SINGAPORE (AP) — An American engineer who was found dead in his apartment in Singapore last year killed himself, a judge ruled Monday, rejecting suspicions by the man's parents that he was murdered because of research into sensitive technology.

The U.S. Embassy described the inquest into Shane Truman Todd's death as fair and comprehensive, weeks after Todd's parents walked out of the hearings, saying they had lost faith in the process.

The 31-year-old engineer's body was found by his girlfriend in June 2012. State counsel presented evidence of links to suicide websites on his laptop and suicide letters written to family members and loved ones.

Judge Chay Yuen Fatt said Monday he found no evidence of foul play, ruling that Todd "committed suicide by hanging himself."

Chay recorded the official cause of death as "asphyxia due to hanging" and voiced hopes that Todd's family and loved ones would be able to find closure.

Todd's parents have said they believe he may have been murdered over his research in the U.S. into material used to make heat-resistant semiconductors, a technology with both civilian and military applications.

Rick and Mary Todd left Singapore in May before the inquest ended. They said they believed the evidence of suicide was faked and that officials had not followed protocol in the investigation, including in how they accessed Todd's computers and examined the location of his death. Singaporean authorities have denied the claims.
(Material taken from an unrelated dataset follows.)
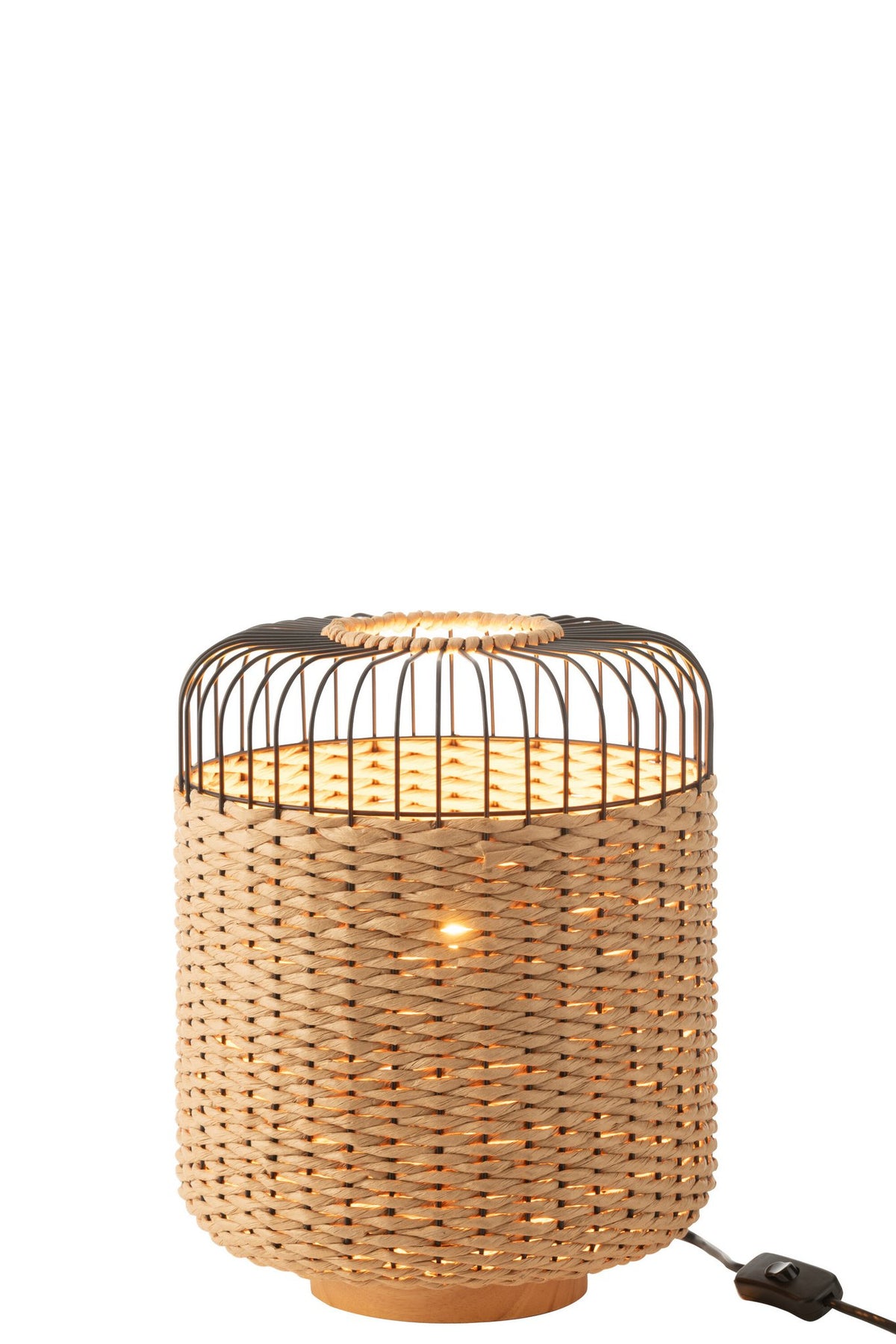 J-Line lamp - metaal - naturel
Mary Todd told The Associated Press by telephone from her home state of Montana that "today's result means nothing to us because we expected it." Her husband said last week the family no longer trusts Singapore's legal system.

"It was apparent that the state was only interested in proving suicide and that was why we left," Rick Todd wrote in an email.

The U.S. Embassy in Singapore said in a statement that the inquiry had been "comprehensive, fair and transparent."

It said embassy officers had attended the entire hearing, and that Todd's family had been given the opportunity to participate in the hearing and was represented by experienced legal counsel. It expressed sympathy to Todd's family and friends for their loss.

Singapore's Foreign Minister K. Shanmugam said in May that the family should have formally testified during the inquest, adding their assertions could have been properly addressed that way. The inquest ruling cannot be appealed.

Todd's parents said documents he had backed up from his work computer included a draft of a project outline between Singapore's Institute of Microelectronics — Shane Todd's former employer — and Chinese telecom giant Huawei on the development of a device that utilized gallium nitride.

The heat-resistant material has civilian uses in products like LED screens and cellphone towers, and military applications possibly for radar and satellite systems.

Todd had been trained in the U.S. on proprietary equipment that produces the material but is restricted for export because of the potential military applications. Singapore's Institute of Microelectronics has said neither Todd nor the company was involved in any classified research, while Huawei has said it had no cooperation with the institute related to gallium nitride.